This tutorial will guide you on how to use the pix2pix software for learning image transformation functions between a parallel dataset of corresponding image pairs.

What does pix2pix do?

pix2pix implements a generic image-to-image translation using conditional adversarial networks. Functionally, this means it can be trained to convert one type of image into another type of image, learning the relationship between two related types of images. A very good description of what pix2pix does can be found here, as well as an online demo.

The nice thing about pix2pix is that it is generic – it does not require pre-defining the relationship between the two types of images.

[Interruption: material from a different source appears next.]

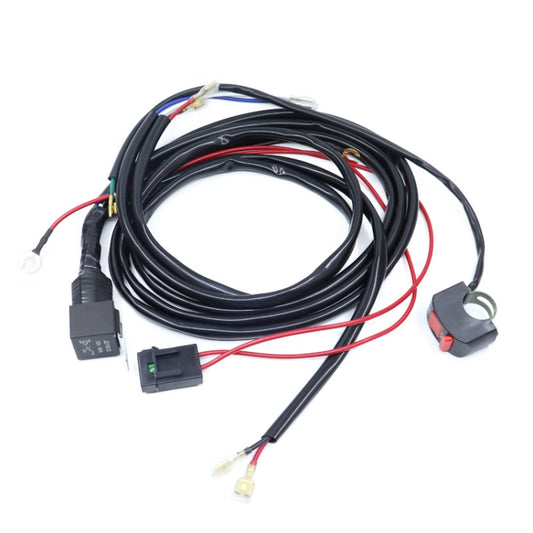 12V 2 in 1 Car / Motorcycle LED Spotlight Headlight Flashing Wiring Harness Cable - In Car by buy2fix | Online Shopping UK | buy2fix
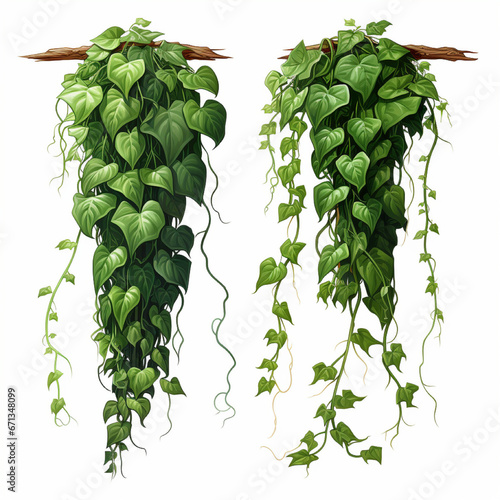 Hanging jungle vine plant bush of Bush grape or three-leaved wild vine carats. Ivy green with leaf or a trail of realistic ivy leaves.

In contrast, previous methods for doing image translation were limited to a set of pre-defined tasks – for example, converting grayscale images to color, upsampling (converting a low-resolution image into a high-resolution one), etc. pix2pix makes no assumptions about the relationship and instead learns the objective during training, making it highly flexible, and adaptable.

Another advantage of pix2pix is that it requires a relatively small number of examples – for a low-complexity task, perhaps only 100-200 samples, and usually less than 1000, in contrast to networks which often requires tens or even hundreds of thousands of samples. The downside is that the model loses some generality, perhaps overfitting to the training samples, and thus can feel a bit repetitive. Still, those practical advantages make it extremely easy to deploy for a wide variety of images, enabling rapid experimentation.

More formally

In using pix2pix, there are two modes. The first is training a model from a dataset of known samples, and the second is testing the model by generating new transformations from previously unseen samples.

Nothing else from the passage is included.